Pendirian BRTI merupakan amanat dari Undang-Undang Nomor 36 tahun 1999 tentang Telekomunikasi, sebuah produk legislasi yang menjadi titik tolak industri telekomunikasi Indonesia dari yang berwatak monopoli menuju persaingan bebas. Pasal 5 beleid itu mengatakan pembinaan telekomunikasi harus melibatkan masyarakat melalui sebuah lembaga mandiri.

Keputusan Menteri Perhubungan No. 31 tahun 2003 selaku aturan pelaksana yang mendasari pendirian BRTI memberikan kewenangan terkait pengaturan, pengawasan, dan pengendalian penyelenggaraan jaringan telekomunikasi. Tujuannya, untuk menjamin adanya transparansi, independensi, dan prinsip keadilan dalam penyelenggaraan jaringan telekomunikasi.

Singkatnya, BRTI adalah lembaga independen yang didesain menjadi wasit dalam penyelenggaraan telekomunikasi. Lembaga ini menjadi urgen mengingat pemerintah juga memiliki BUMN yang bergerak di bidang telekomunikasi. International Telecommunication Union (ITU), sebuah lembaga PBB yang mengurusi teknologi komunikasi dan informasi, pun mendorong dibentuknya lembaga pengatur independen.

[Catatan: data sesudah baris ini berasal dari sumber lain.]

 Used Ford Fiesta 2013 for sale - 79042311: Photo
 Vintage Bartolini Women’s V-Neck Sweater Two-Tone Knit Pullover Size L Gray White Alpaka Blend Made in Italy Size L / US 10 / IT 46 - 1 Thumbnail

"Secara konsep internasional dibutuhkan adanya lembaga pengatur, pengawas, dan pengendali telekomunikasi yang bebas dari kepentingan pemerintah (karena memiliki BUMN) dan pelaku usaha," kata Heru.

Heru mengatakan peran BRTI selama ini cukup tampak. Sebelum 2005, tarif telekomunikasi Indonesia merupakan yang termahal nomor dua di Asia Pasifik, hanya kalah dari Selandia Baru. Namun, akibat kebijakan interkoneksi dan tarif dari BRTI, harga bisa ditekan hingga jadi salah satu yang termurah di dunia.

BRTI juga turun tangan mendorong perbaikan layanan telekomunikasi kala menghadapi tingginya lalu lintas data pada hari raya atau bencana alam. BRTI juga mendorong operator membangun di tempat-tempat terpencil sehingga layanan telekomunikasi tidak hanya dirasakan warga di kota besar.

"Bahkan konsep Palapa Ring juga awalnya digodok BRTI," kata Heru. "Jika tidak mendapat informasi lengkap sejarah berdirinya sebuah lembaga, memang seolah mudah untuk membubarkannya," tandasnya.

Komisioner Komisi Pengawas Persaingan Usaha (KPPU) Guntur Saragih pun mengatakan perlu ada lembaga independen untuk mengatur dan mengawasi penyelenggaraan telekomunikasi. Masalahnya, BRTI secara struktur masih berada di bawah Kementerian Komunikasi dan Informatika (Kemkominfo) sehingga tidak sepenuhnya independen. Akibatnya, dalam pelbagai kesempatan koordinasi dengan KPPU, BRTI harus berkoordinasi lagi dengan Kemkominfo.

"Kalau memang untuk regulasi seperti itu, memang dibutuhkan lembaga yang lebih independen. Kalau secara struktural di bawah kementerian ya sulit juga," kata Guntur kepada reporter Tirto, Rabu.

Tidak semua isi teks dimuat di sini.